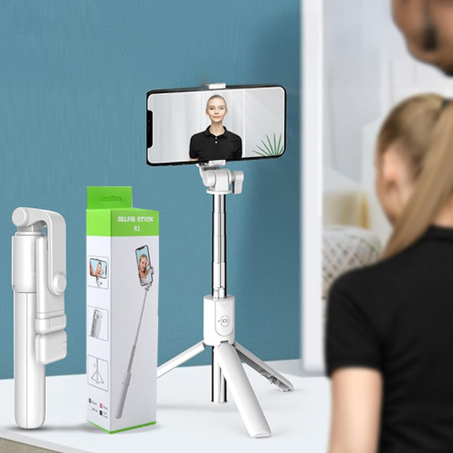 Wireless Bluetooth Selfie Stick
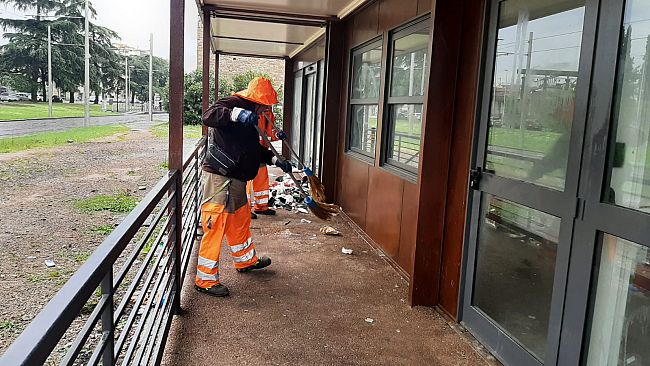 Viale Rosselli, sgomberata pensilina-dormitorio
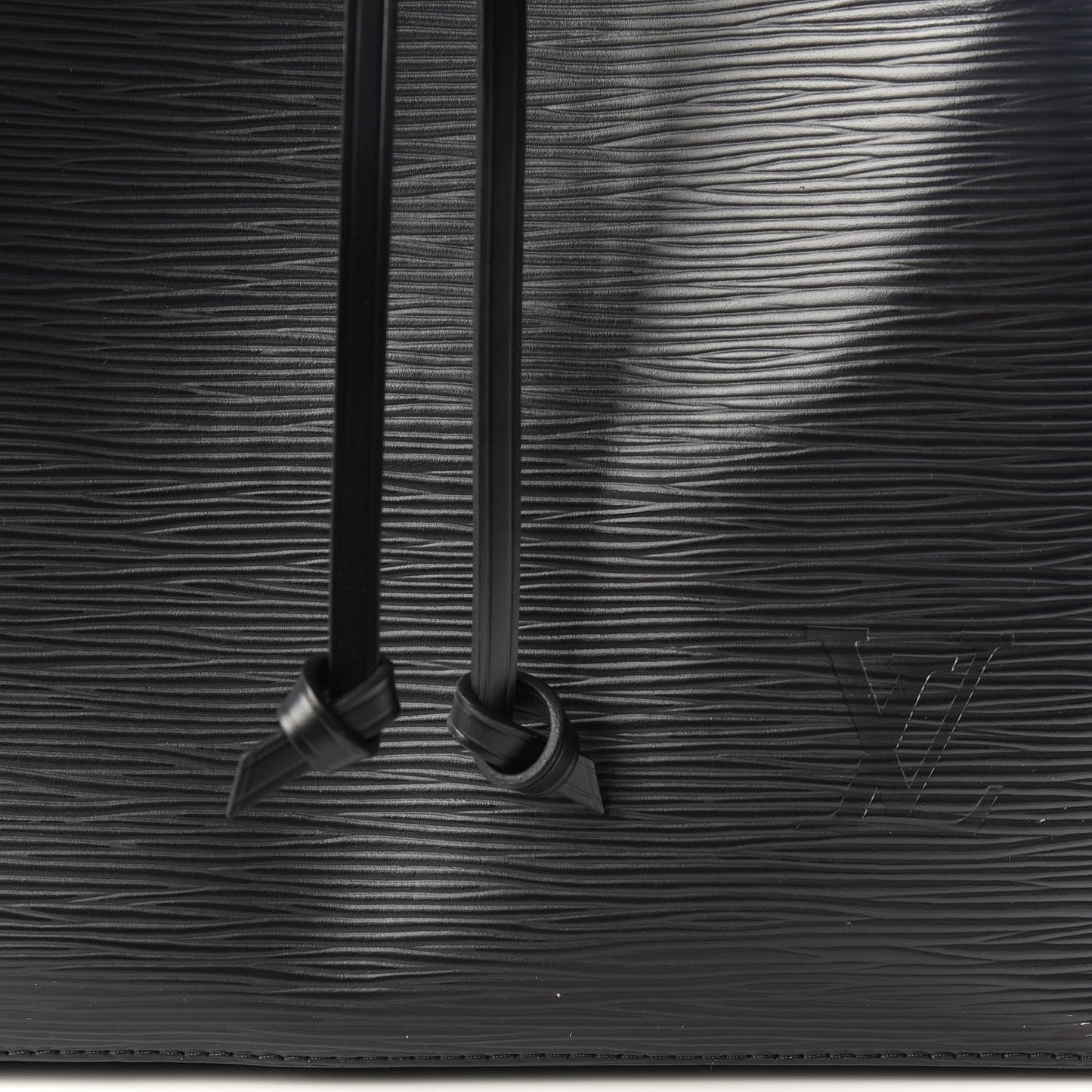 Epi Neonoe Black
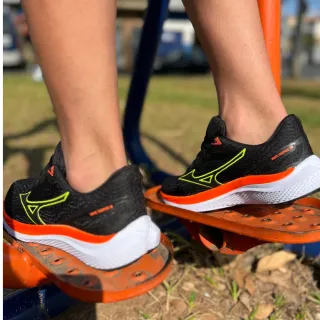 Leve e Confortável Tênis Esportivo Masculino 2023 para Academia e Caminhada - Cinza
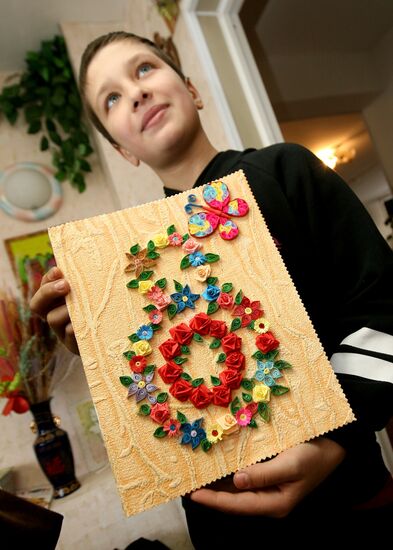 Подготовка к 8 Марта в детском реабилитационном центре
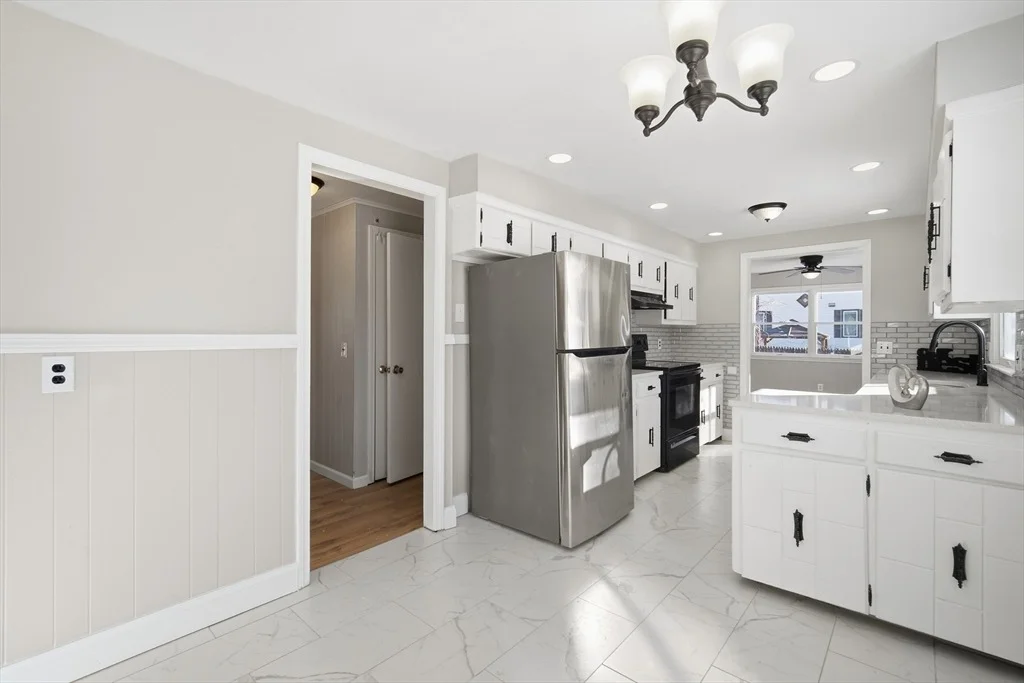 Photo of 87 Clarendon Ave
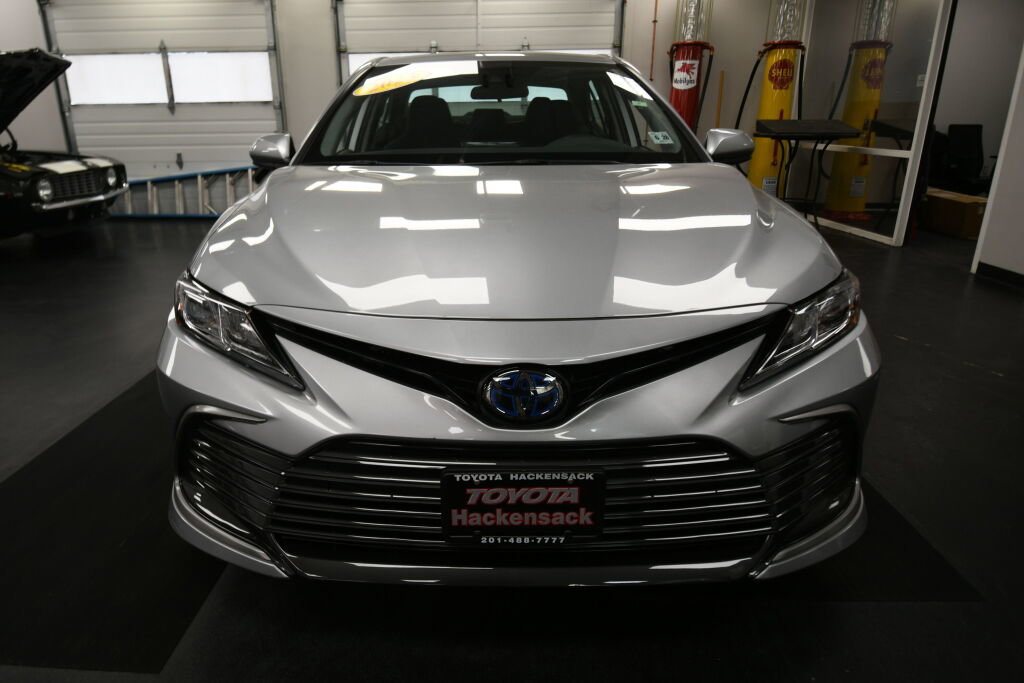 Used 2023 Toyota Camry LE FWD image 3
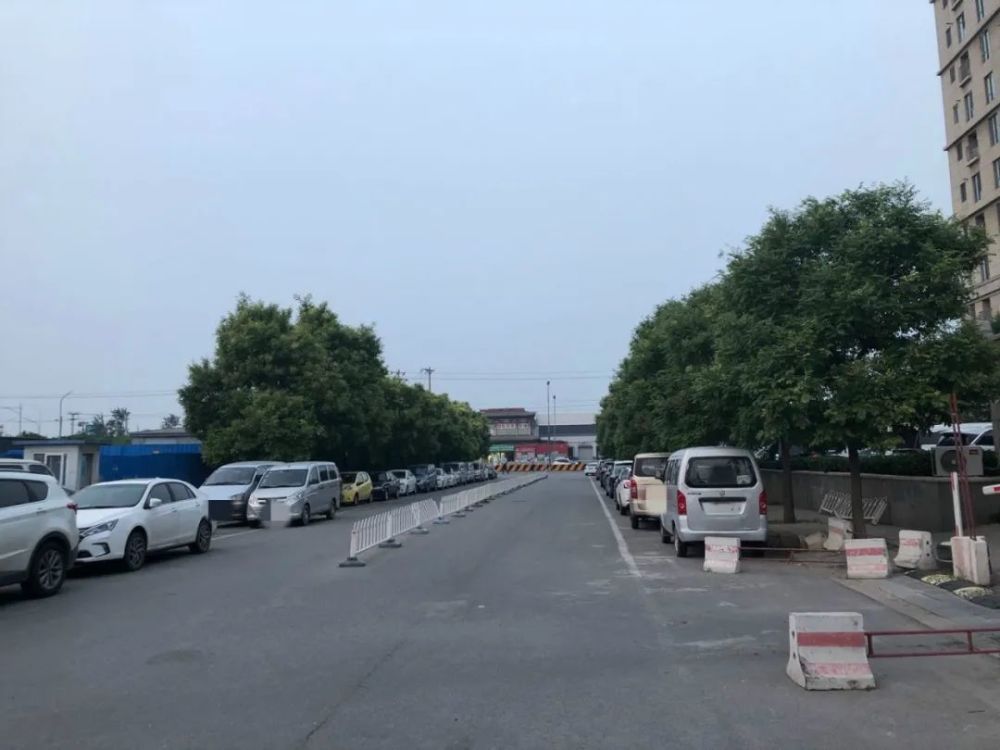 马路|现成的停车场不用，非要违规停在马路上，这是为什么？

## Problem statement:
Please copy the data above exactly; the pictures do not belong in the copy.

## Task solution:
 Wireless Bluetooth Selfie Stick
 Viale Rosselli, sgomberata pensilina-dormitorio
 Epi Neonoe Black
 Leve e Confortável Tênis Esportivo Masculino 2023 para Academia e Caminhada - Cinza
 Подготовка к 8 Марта в детском реабилитационном центре
 Photo of 87 Clarendon Ave
 Used 2023 Toyota Camry LE FWD image 3
 马路|现成的停车场不用，非要违规停在马路上，这是为什么？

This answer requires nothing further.